Exercise requirements ▸
Everything from the line holding "Maison blanche avec" through the final line of the records is to be transcribed exactly, except pictures, and nothing beyond that.

-------- Material provided --------

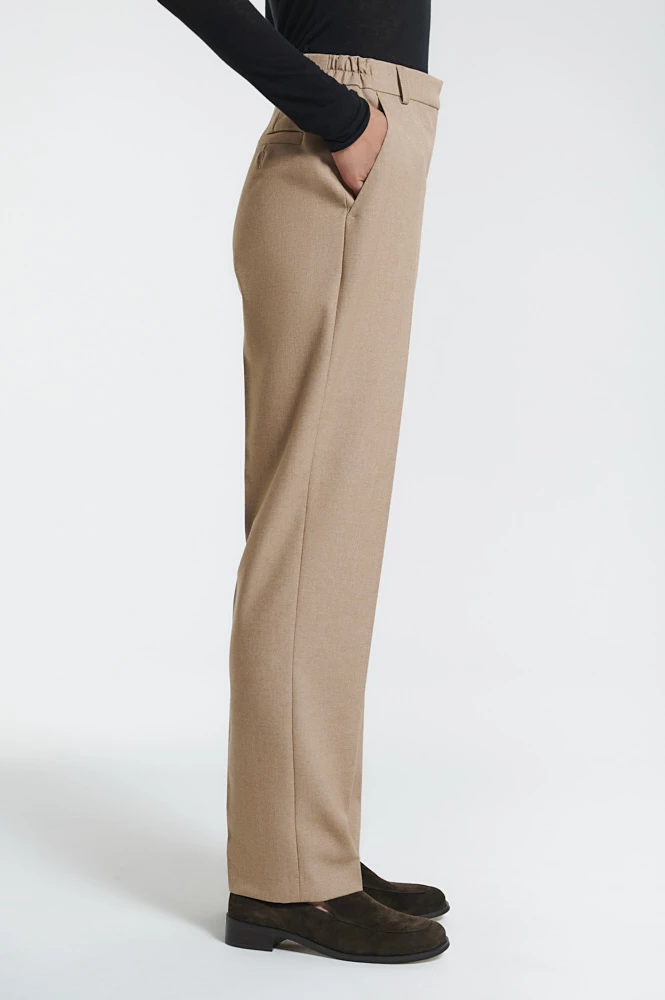 Брюки зауженные со стрелками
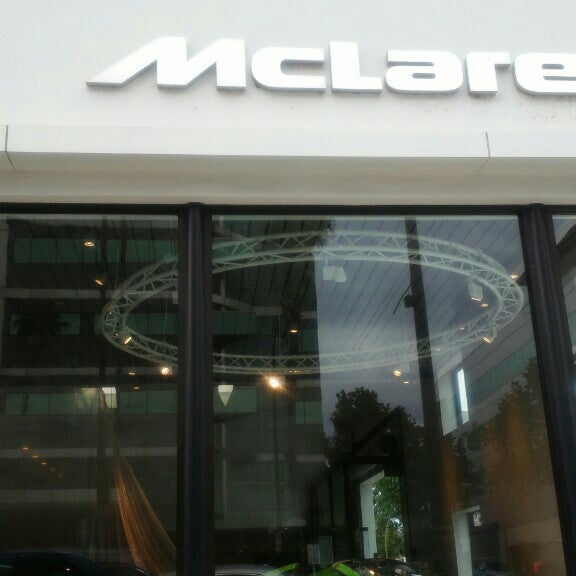 Foto scattata a McLaren Auto Gallery Beverly Hills da David K. il 7/18/2015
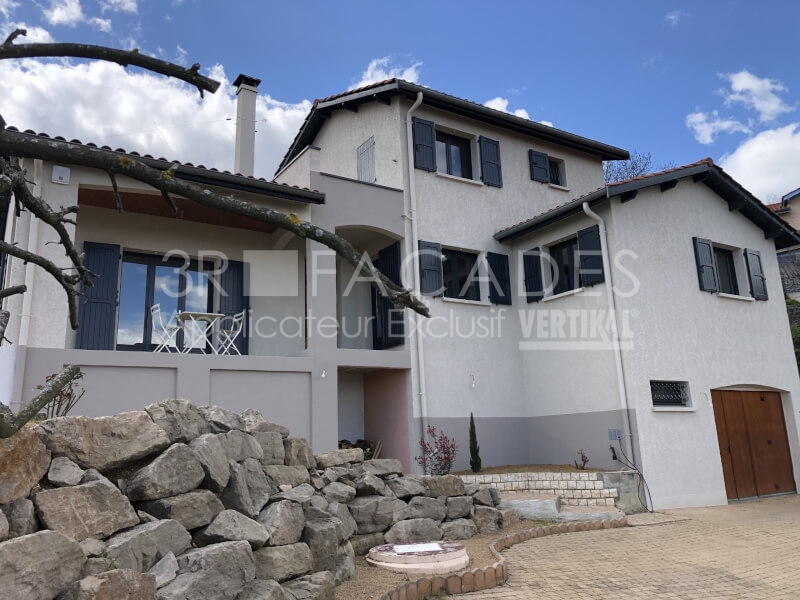 Maison blanche avec volets noirs, 3R Façades.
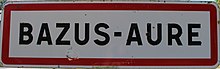 Panneau d'entrée de l'agglomération de Bazus-Aure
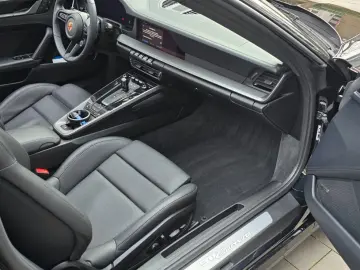 PORSCHE 992Carrera Coupe EGSD Bose Kamera360 SpoSitze Lk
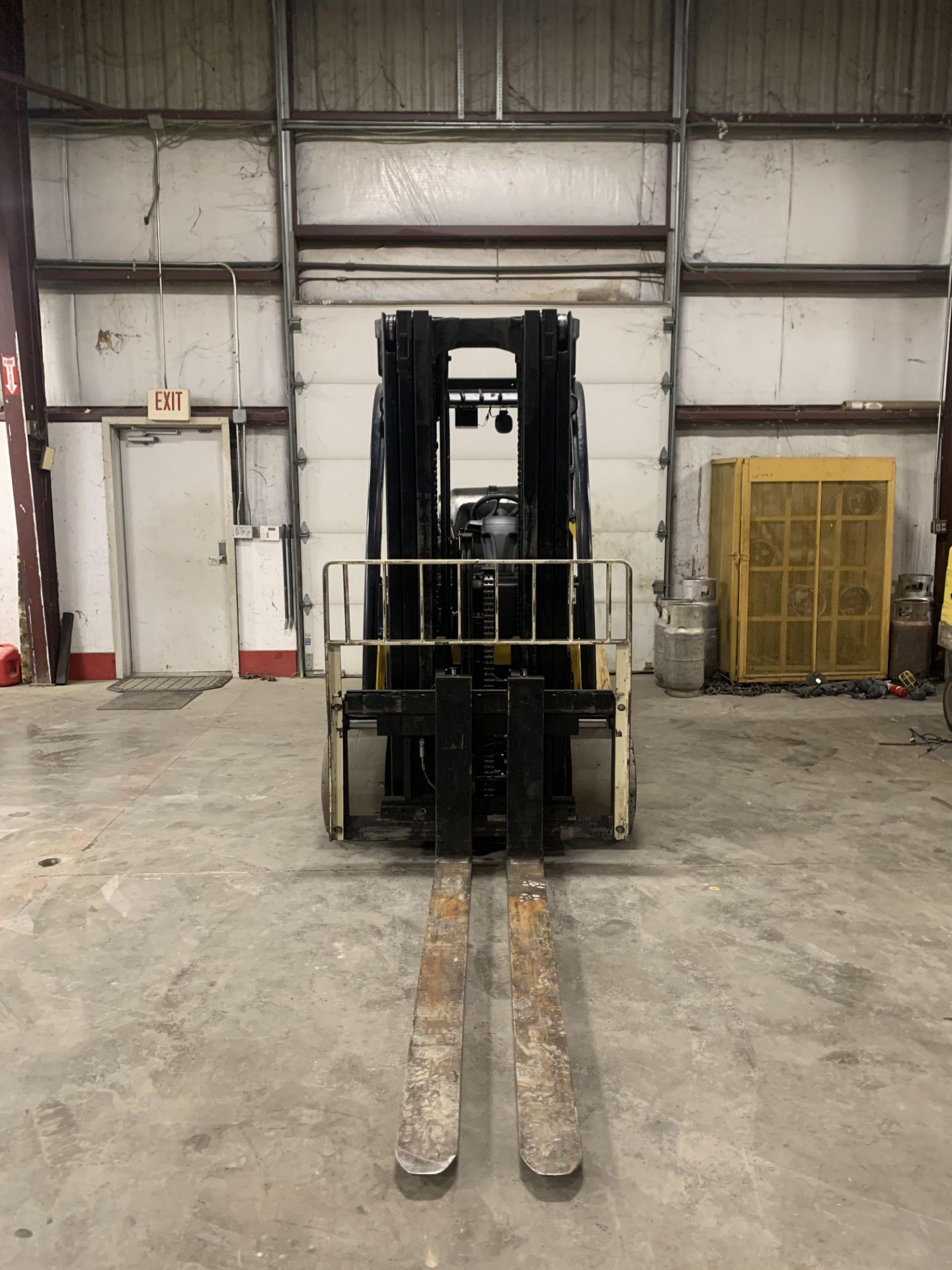 2014 HYSTER 10,000 LB. CAPACITY FORKLIFT, MODEL GLC100VXGSE092, S/N F818V02387M, LPG, SOLID TIRES, - Image 2 of 5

--------

Written reply ▸
 Maison blanche avec volets noirs, 3R Façades.
 Panneau d'entrée de l'agglomération de Bazus-Aure
 PORSCHE 992Carrera Coupe EGSD Bose Kamera360 SpoSitze Lk
 2014 HYSTER 10,000 LB. CAPACITY FORKLIFT, MODEL GLC100VXGSE092, S/N F818V02387M, LPG, SOLID TIRES, - Image 2 of 5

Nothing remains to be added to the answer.